POST-APO — Il y a des choses qu’on tient pour acquis : le fait d’avoir une ombre, par exemple. Mais dans le monde imaginé par Peng Shepherd, perdre son ombre n’a rien d’impossible. Et quand on perd son ombre, ce sont les souvenirs qui suivent peu de temps après.
Les souvenirs. Qu’il s’agisse de détails biographiques, des noms, de son identité… ou même des fonctions biologiques les plus élémentaires, tout finit par s’en aller pour ne laisser qu’une coquille vide, jusqu’à la mort. Perdre sa mémoire, c’est perdre son identité. Pourtant, quand le premier homme a perdu son ombre, personne ne s’est méfié. Le monde avait les yeux rivés sur ce « miracle » quand l’homme en question a commencé à oublier qui il était. Rapidement, de nombreux individus, partout sur la planète, ont perdu ombre et mémoire. La civilisation telle qu’on la connaît aujourd’hui s’est effondrée. C’est donc une ambiance de fin du monde, pas très éloignée de celle des apocalypses zombies, qui règne dans ce roman : les « sans-ombres » peuvent devenir agressifs, incohérents, violents… et cannibales parfois. Dans ce nouveau monde, plus d’électricité ou d’eau courante, plus de gouvernement, une faim et un danger permanents… À cela s’ajoutent les étranges modifications de la réalité provoqués par les souvenirs erronés des sans-ombres…

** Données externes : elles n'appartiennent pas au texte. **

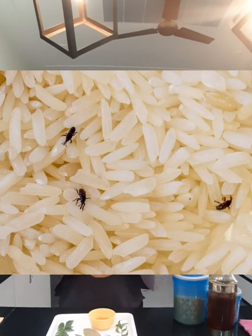I woke up in the morning longing for a biryani, but when I opened my rice box, this is what I saw. I guess these insects wanted to finish up the rice before I could. I ended up in a bad mood and started thinking of the options that I could use to protect my grains and pulses from these insects.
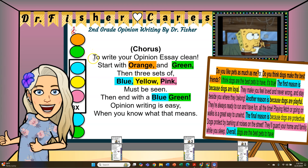To write your own opinion essay, start with orange and green, then three sets of blue, yellow, pink must be seen, then end with a blue and green. Opinion writing is easy when you know what that means.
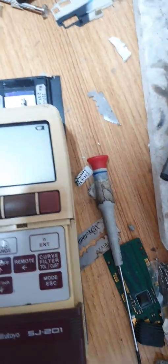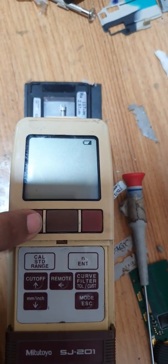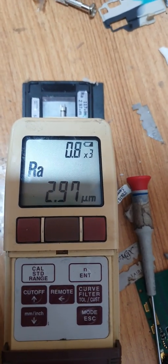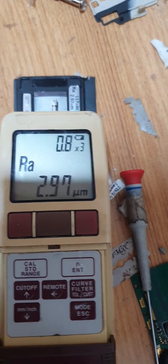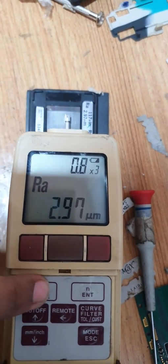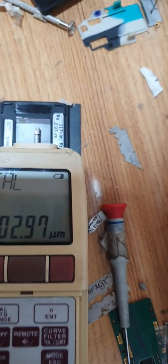First we can start the machine. Then we can calibrate the machine. For calibration mode, press one time. Then at 2.97, the master value is flickering.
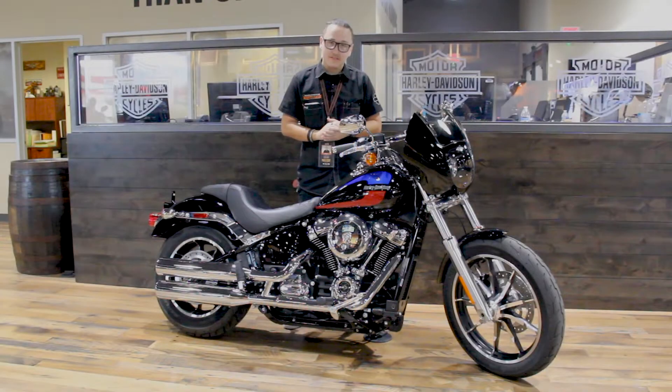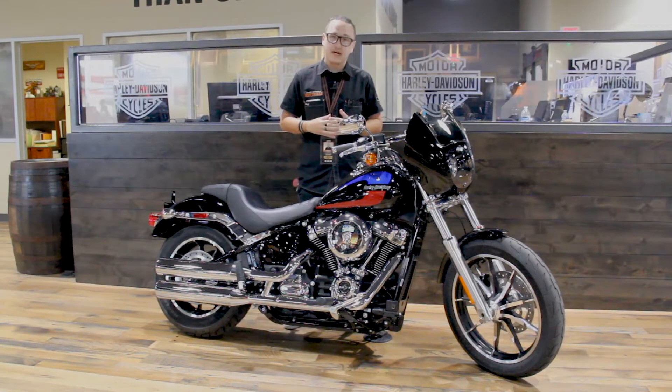Good morning riders. Justin at Harley-Davidson of Scottsdale. Want to show you guys this beautiful 2019 Lowrider that we took a little bit of influence from the fan favorite, the Lowrider S.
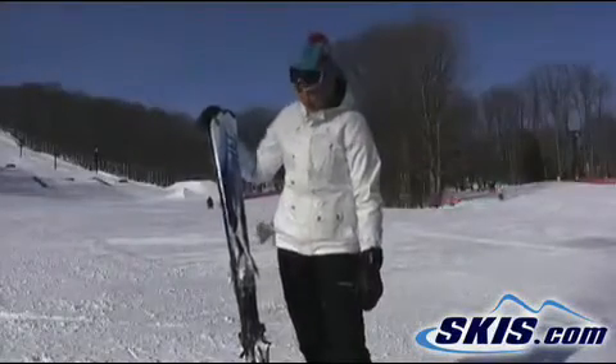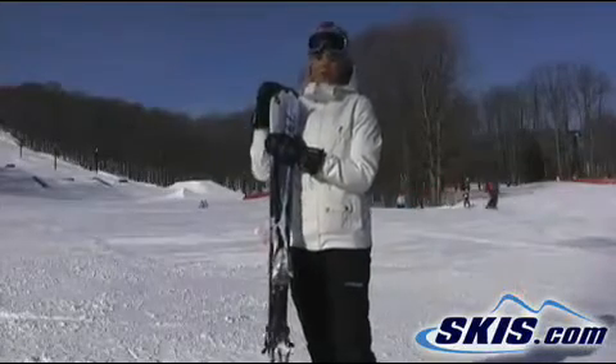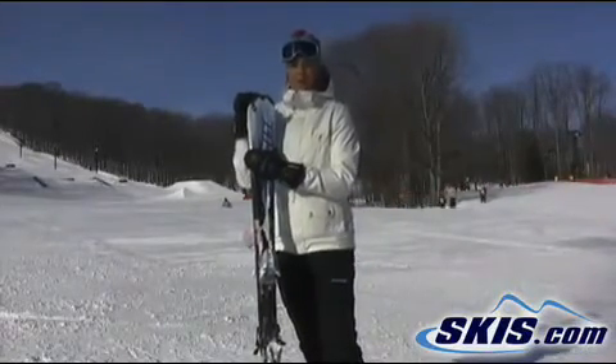Hi, this is Emily. I just got off the Vocal Estrella. It's a good beginner ski. It's pretty soft, so if you're a beginner, it would be great.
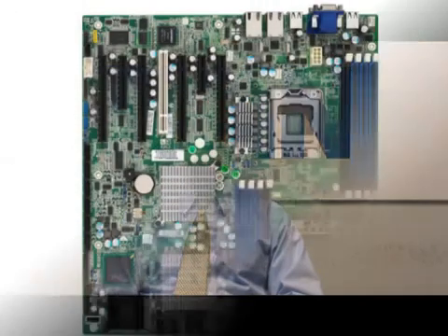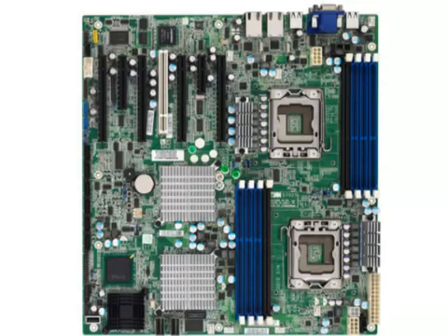The S7025 motherboard is perfect for GPU computing. It has 4 x16 PCIe slots that are designed to accommodate double-wide GPU cards. We use the Intel 5520 Tylersberg chipset which supports dual Xeon 5600 series Westmere processors.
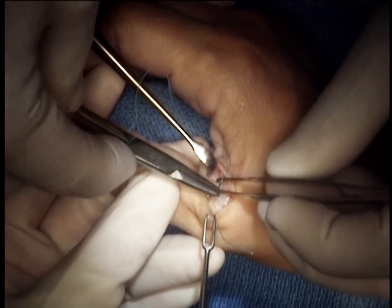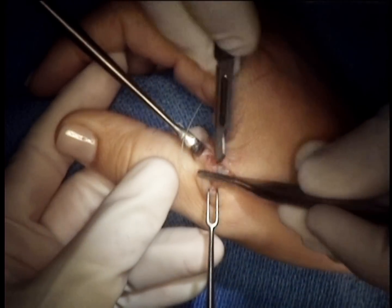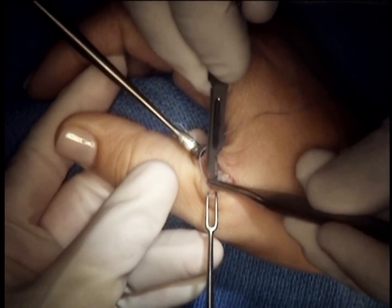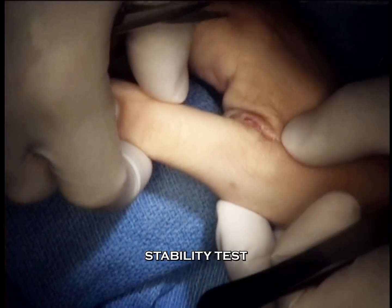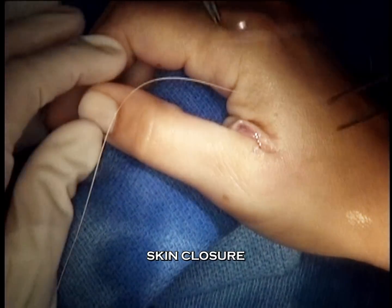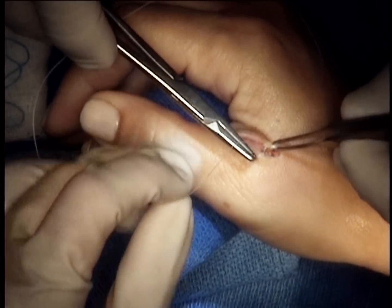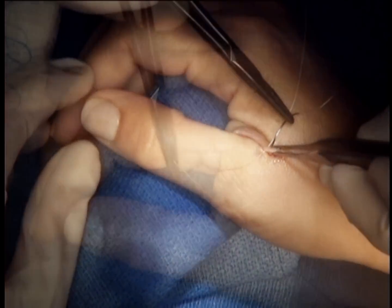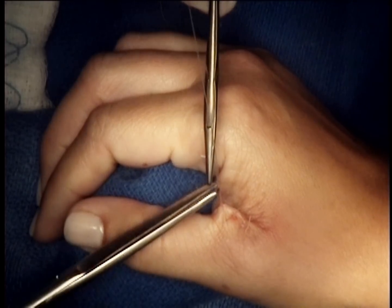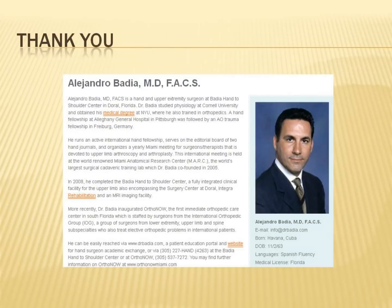The adductor aponeurosis is now repaired over the ligament repair, and we determine that it is stable. The skin is simply closed in one layer using an absorbable suture so that once the patient is immobilized, we do not need to remove the sutures. These are oblique horizontal mattress stitches. The patient is placed into a thumb spica plaster splint and will then be converted to a cast for five weeks, with an expected good result over three months.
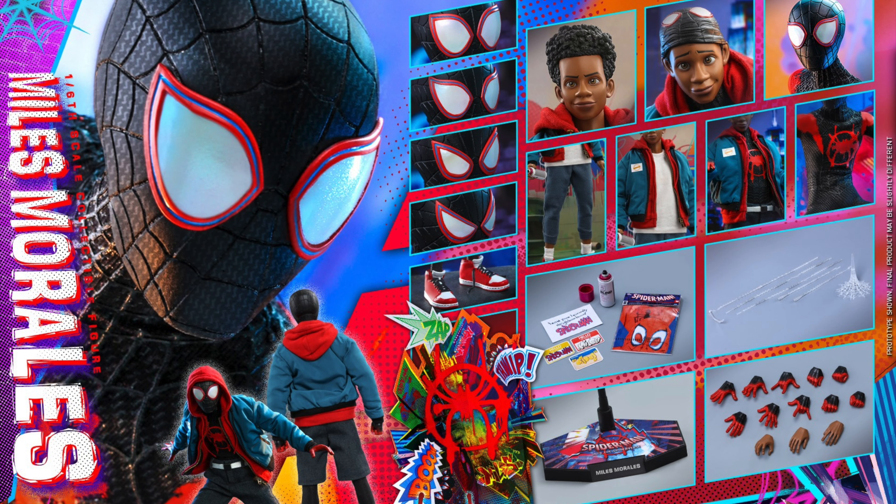People can get two or even three figures if you want — a casual Miles, Miles with the hoodie and shorts over his Spider-Man outfit, and the full Spider-Man Miles outfit. It's just so cool with so many display options.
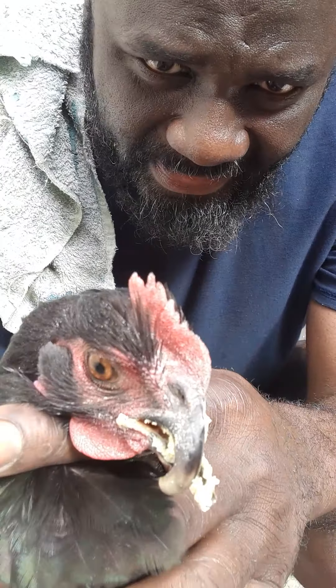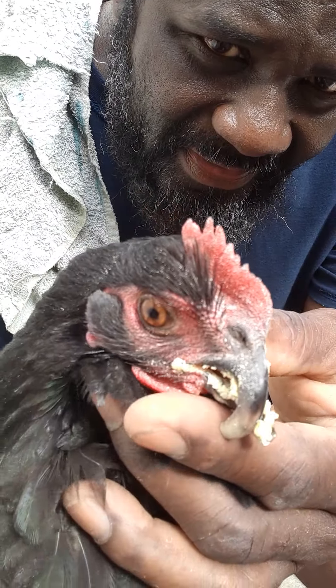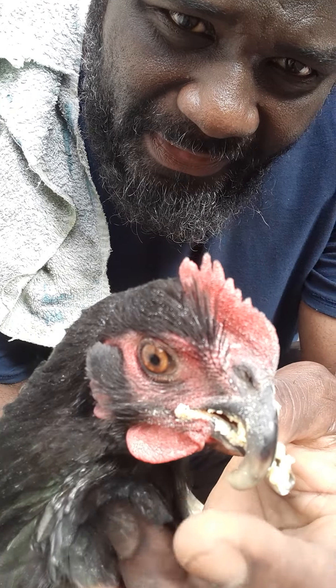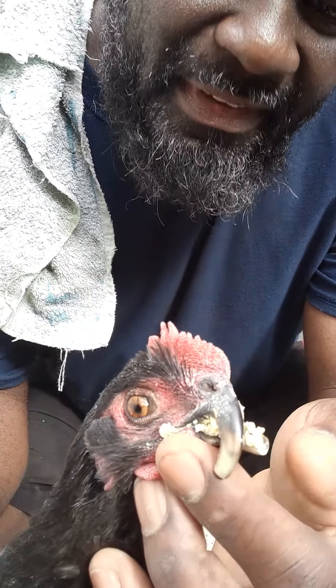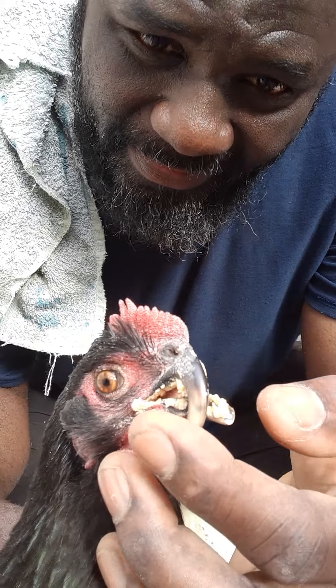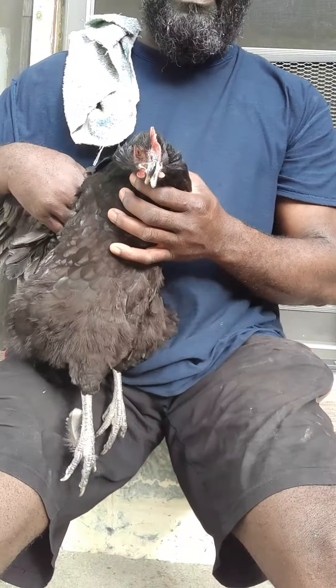If you look, you can see her beak is all deformed, but she's still able to eat good. The bottom one was as well, but I fixed it. So I'm gonna trim this a little bit at a time until she gets better.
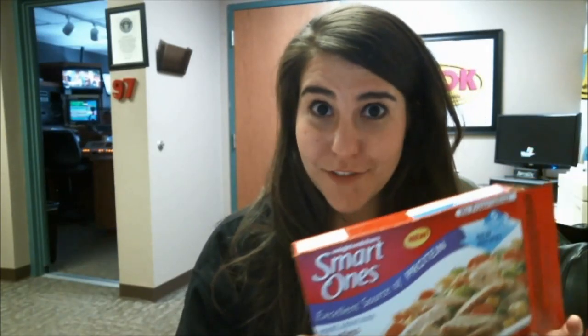Hey, it's Michelle. We are reviewing frozen dinners for lunch — Frozen Finds with 97ZOK. Today we have Smart Ones, Smart Creations, crustless chicken pot pie.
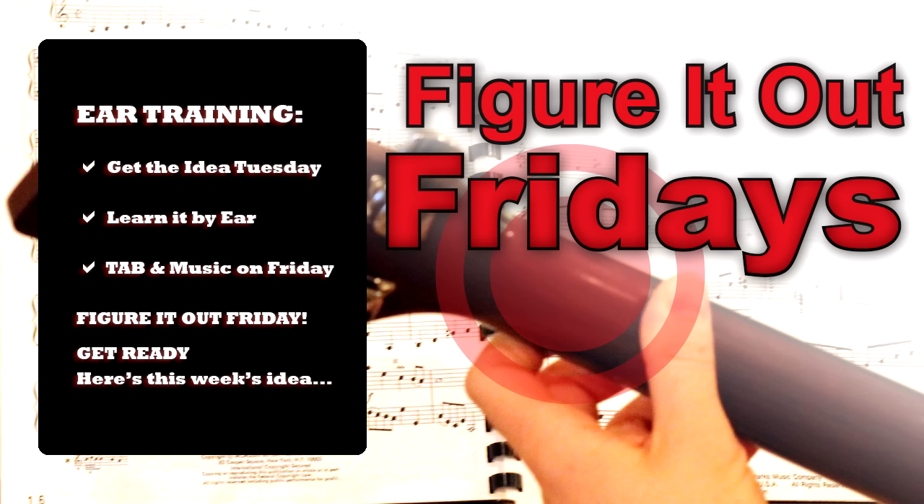So get your ears ready, pay attention, and be alert, because here's this week's guitar idea for you to listen to and try and figure out.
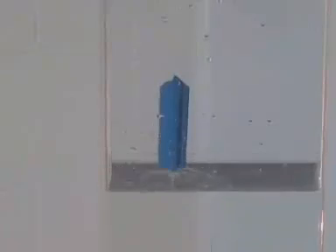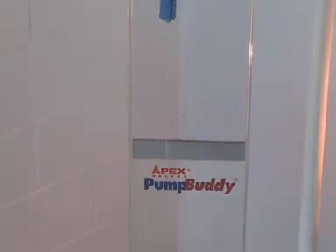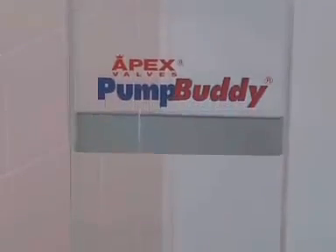The Pump Buddy is a high flow inlet control device which allows for variable minimum and maximum water level settings within a water tank. The Pump Buddy has been designed to complement a pump supply to a water storage tank.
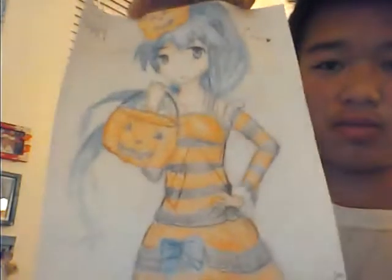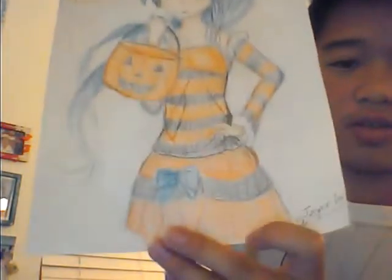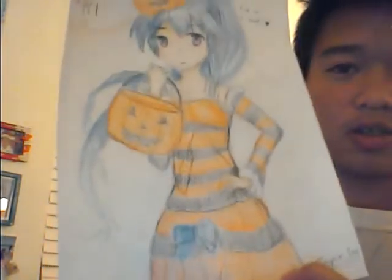Hey guys, I'm finished with the picture. By the time you see this, you're probably already done with trick-or-treating, so that's kind of perfect timing. The features look a little weird because it's all bent. The face I liked, but the body was kind of awkward. Everything else is pretty good though.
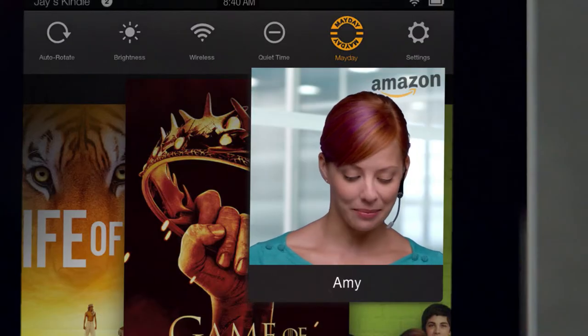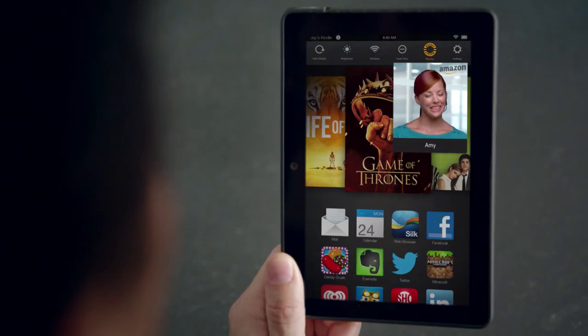Just use Kindle Free Time. It lets you set limits on how long kids can watch and play. So it'll tell her when time's up — I don't have to? Yep.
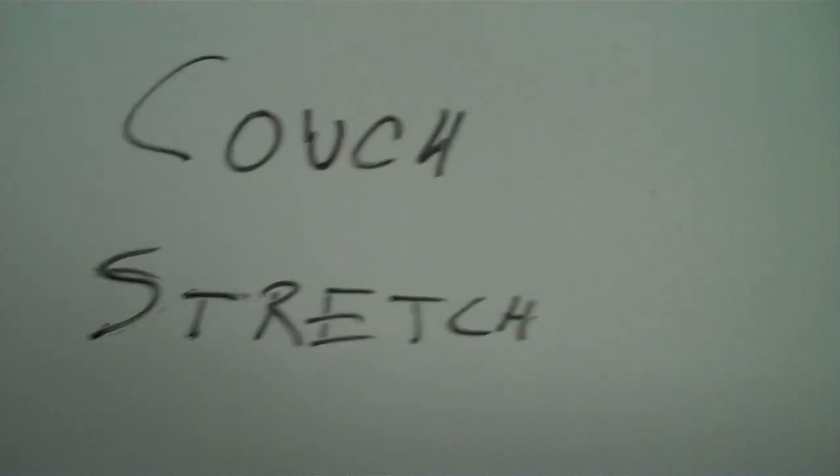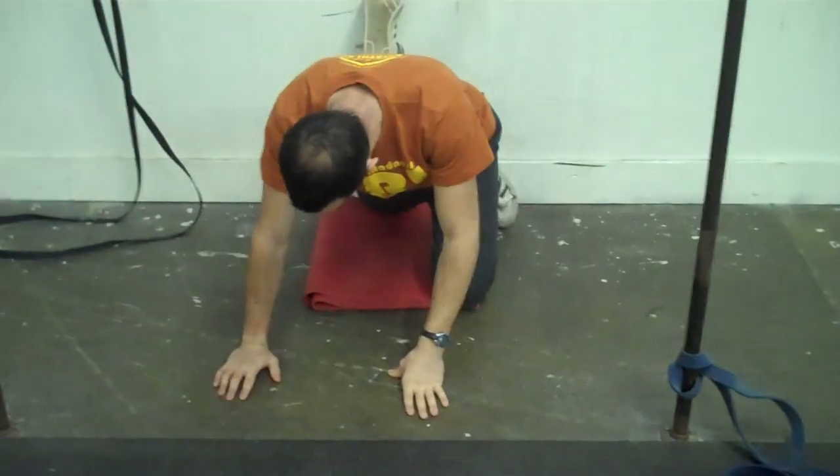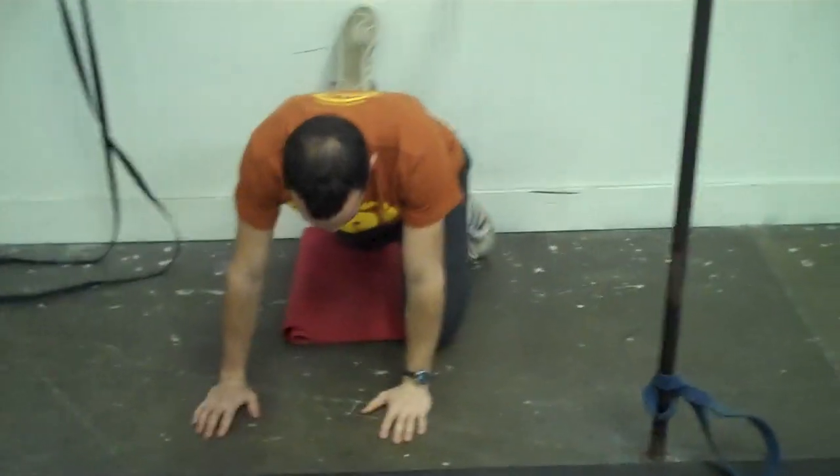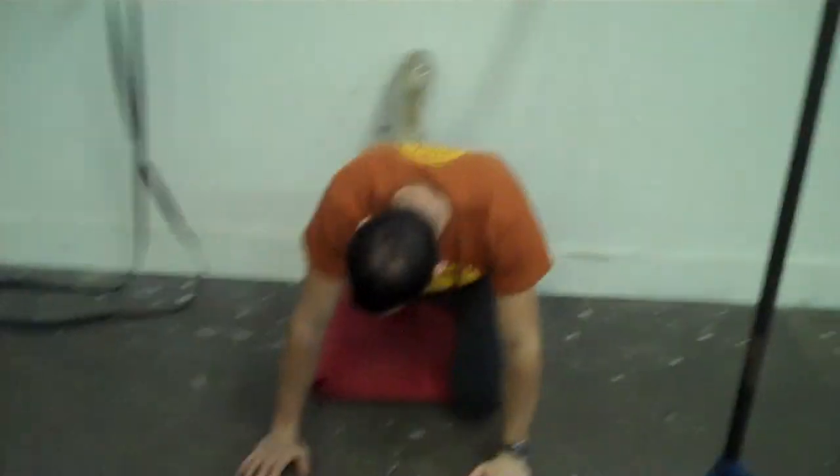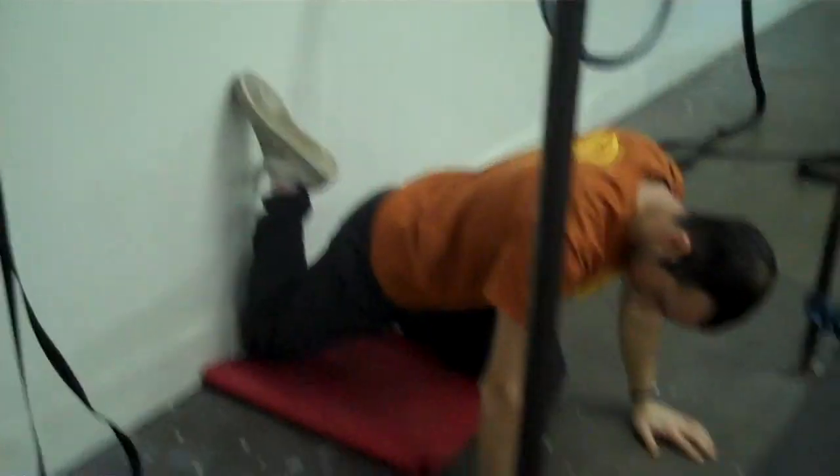Alright, so we're going to do the couch stretch now. We're going to have Chris demo this one. The first thing we're going to show is if you're not flexible enough to do this one all the way, you're plenty good to just have your knee back up against the wall. Here you can see what Chris has got.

Roman post-apocalyptique de bonne facture, Le livre de M décrit une Amérique au crépuscule de son existence, un monde complètement transformé et, au-delà, le destin d’individus comme vous et moi pris dans la spirale d’une catastrophe comme la Terre n’en a jamais vue. Dans cette nouvelle configuration, les familles éclatent, les époux s’oublient, les enfants et les parents peuvent ne plus se reconnaître. La notion de deuil est omniprésente : ceux qui oublient sont des morts en sursis. Un proche est-il toujours là, s’il ne se souvient plus qui vous êtes ? Sa personnalité n’est-elle pas morte en même temps que ses souvenirs ? Difficile de ne pas songer aux malades d’Alzheimer et à la difficulté pour leurs proches d’admettre qu’un être aimé peut ne plus se souvenir de vous.
Au milieu de ce maelström impitoyable surnage la question de l’art salvateur : la littérature ou la peinture comme rempart ultime contre l’oubli, pour graver les souvenirs avant qu’ils ne s’envolent.
Un roman passionnant et globalement rude, avec un début très prenant et une fin étonnante (et, quelques longueurs au milieu, nous devons l’admettre).